Look below for the line that has "Darwin'S Townhouse Bed"; output exactly from it through the line that has "Die Spieler Venezuelas", and leave the pictures out.

— Data for processing —
++++
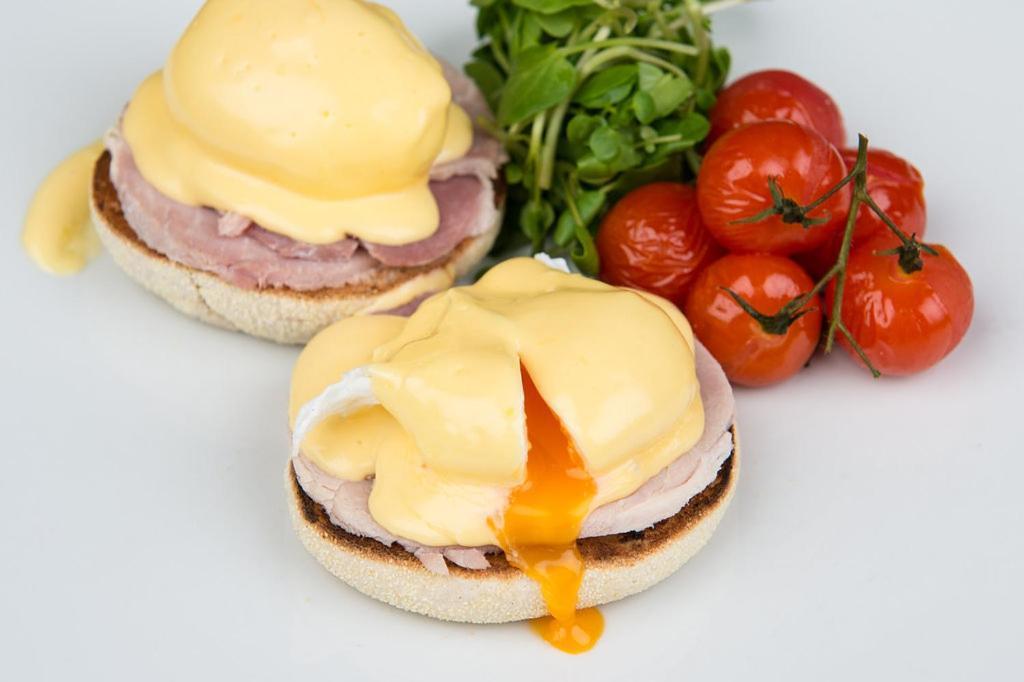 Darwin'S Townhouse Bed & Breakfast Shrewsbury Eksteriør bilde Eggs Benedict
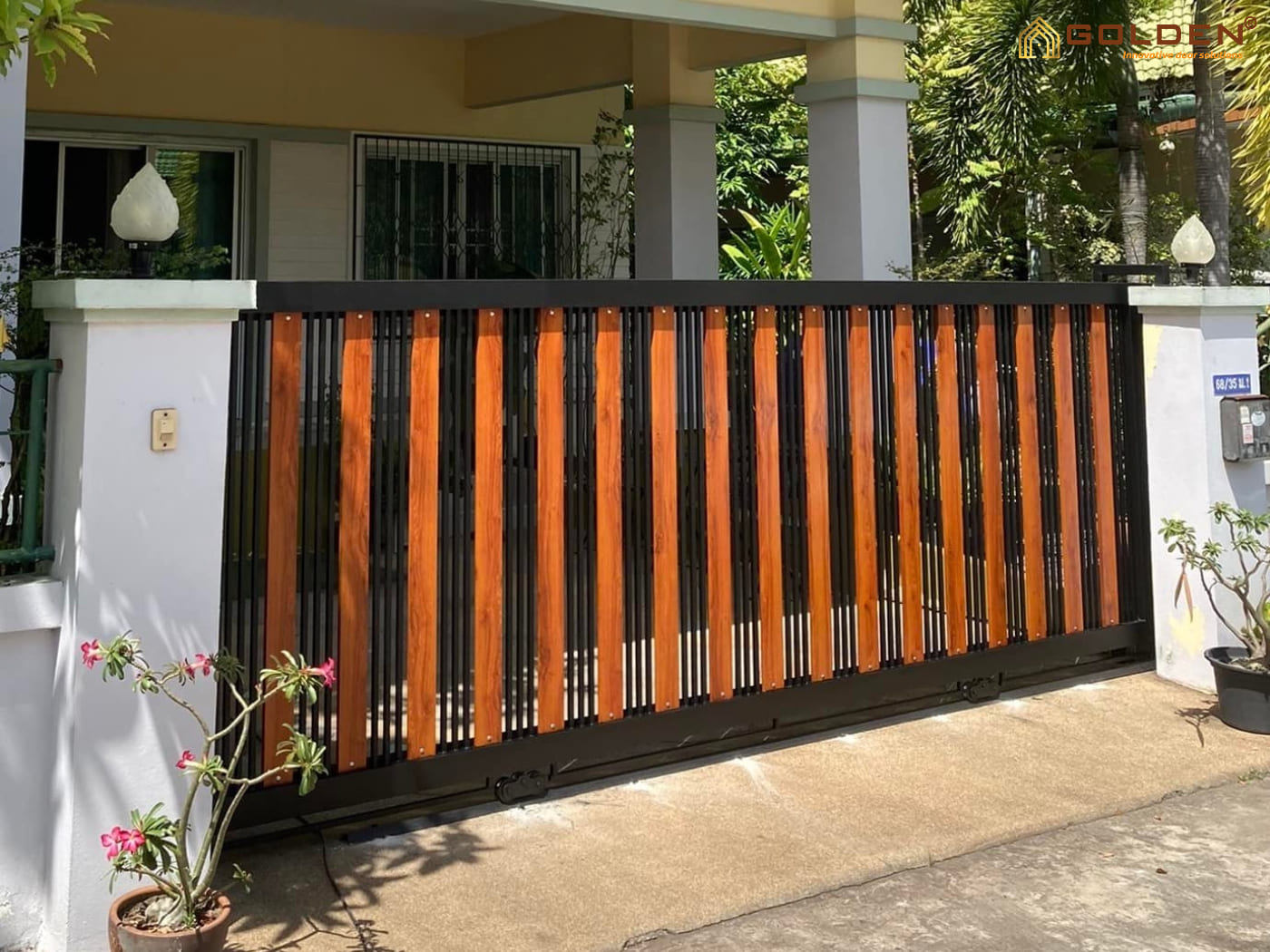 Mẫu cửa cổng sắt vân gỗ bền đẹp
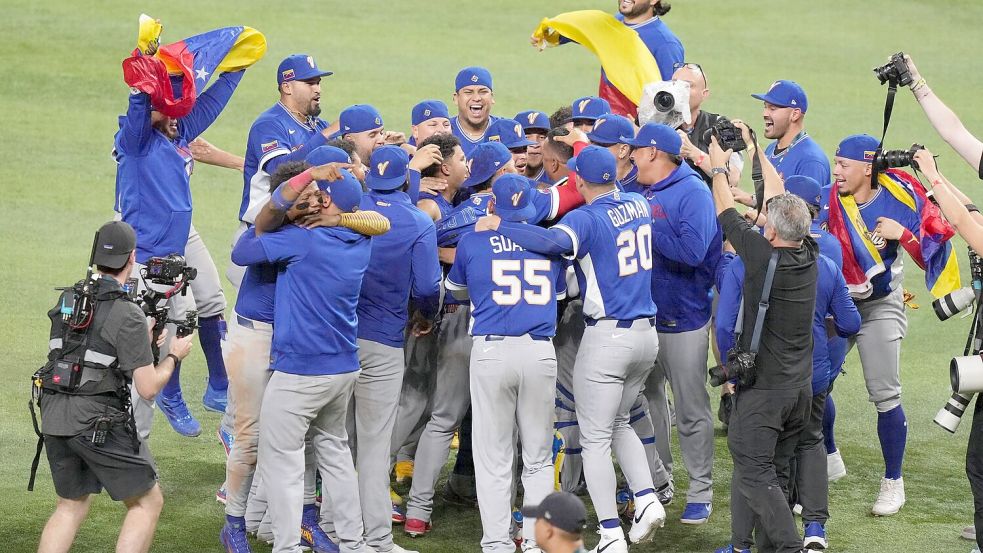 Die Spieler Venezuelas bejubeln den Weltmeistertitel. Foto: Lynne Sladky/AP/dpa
++++
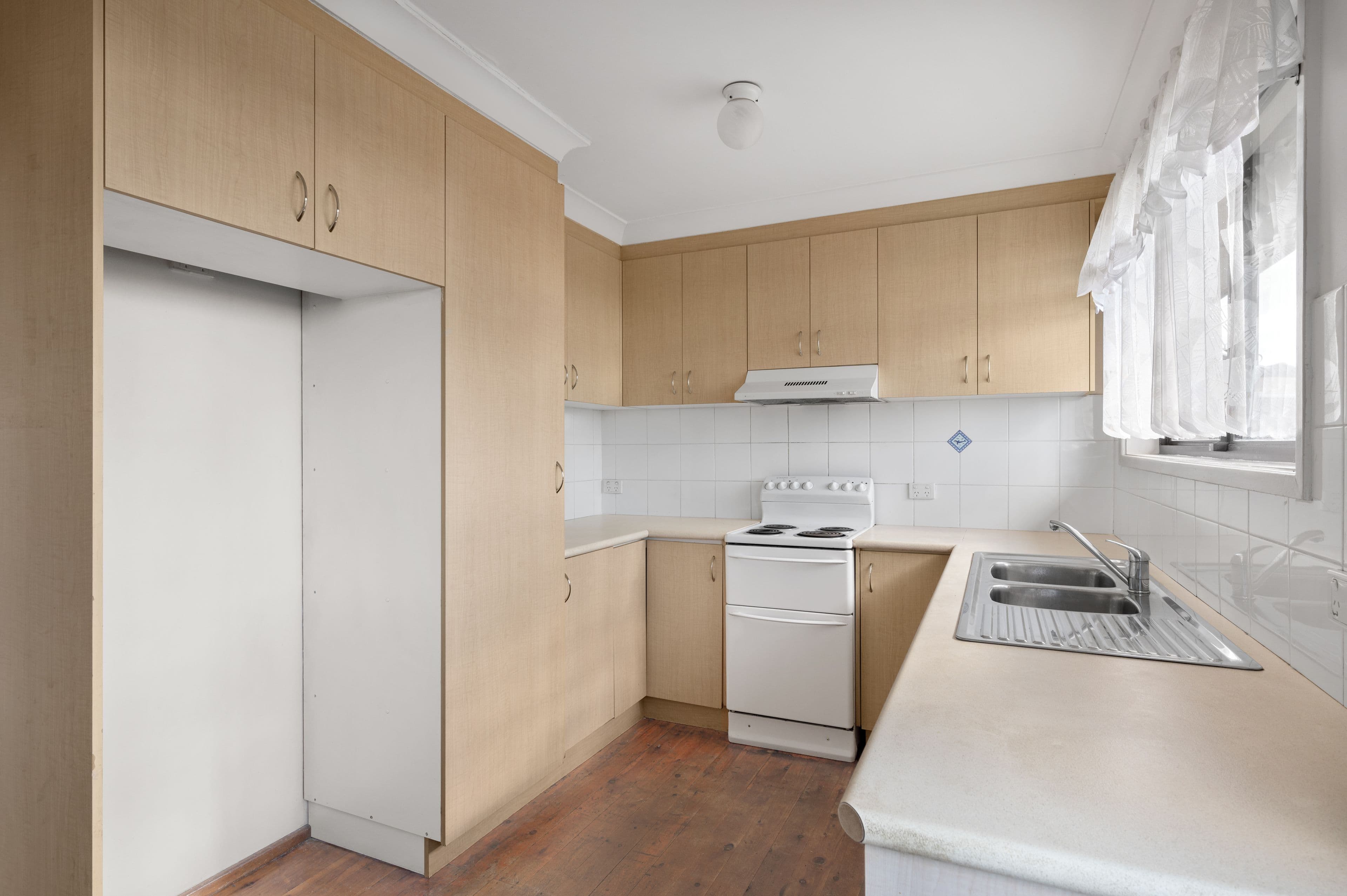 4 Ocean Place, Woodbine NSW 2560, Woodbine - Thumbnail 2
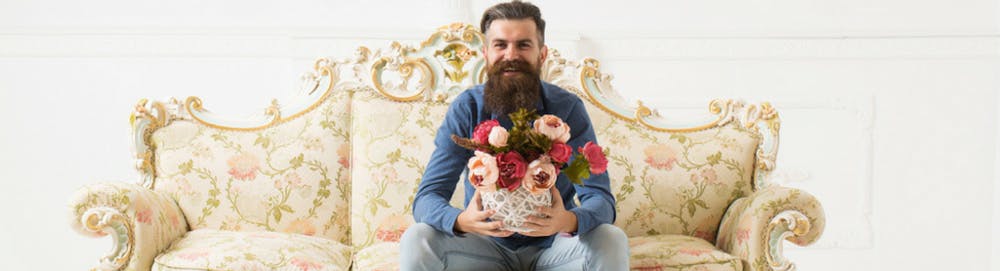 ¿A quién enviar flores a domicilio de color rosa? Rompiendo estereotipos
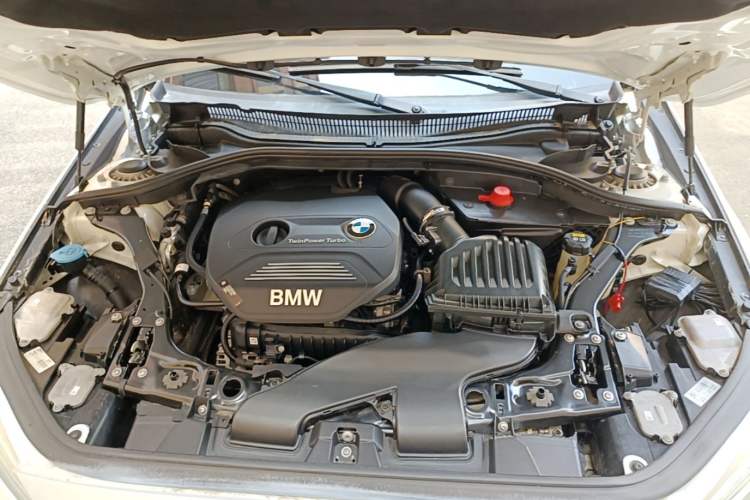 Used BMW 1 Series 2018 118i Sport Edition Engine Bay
++++
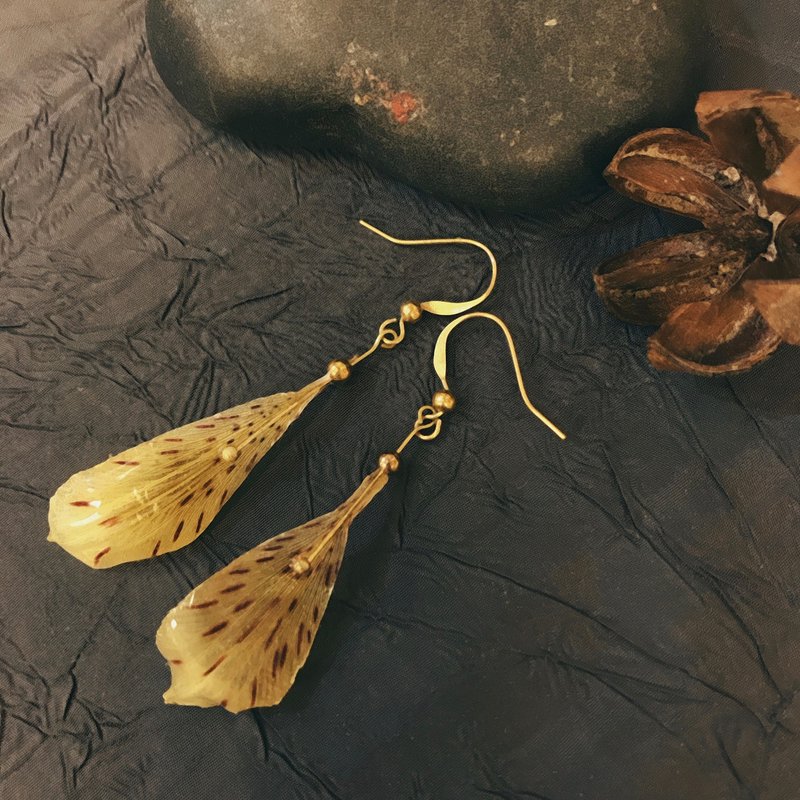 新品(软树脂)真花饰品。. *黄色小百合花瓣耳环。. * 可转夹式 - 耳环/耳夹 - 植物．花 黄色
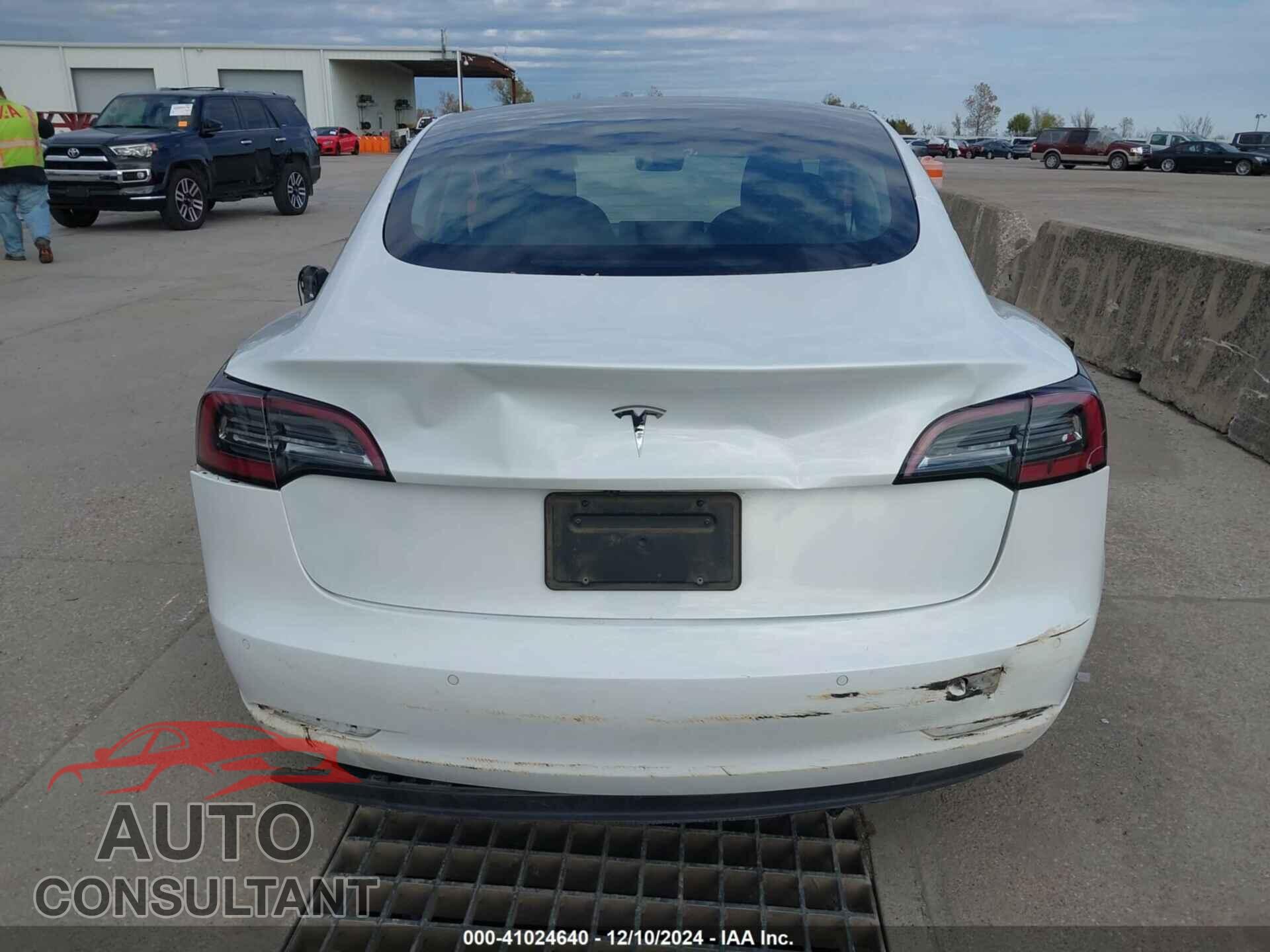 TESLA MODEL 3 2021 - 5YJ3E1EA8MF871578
++++
— Written solution —
 Darwin'S Townhouse Bed & Breakfast Shrewsbury Eksteriør bilde Eggs Benedict
 Mẫu cửa cổng sắt vân gỗ bền đẹp
 Die Spieler Venezuelas bejubeln den Weltmeistertitel. Foto: Lynne Sladky/AP/dpa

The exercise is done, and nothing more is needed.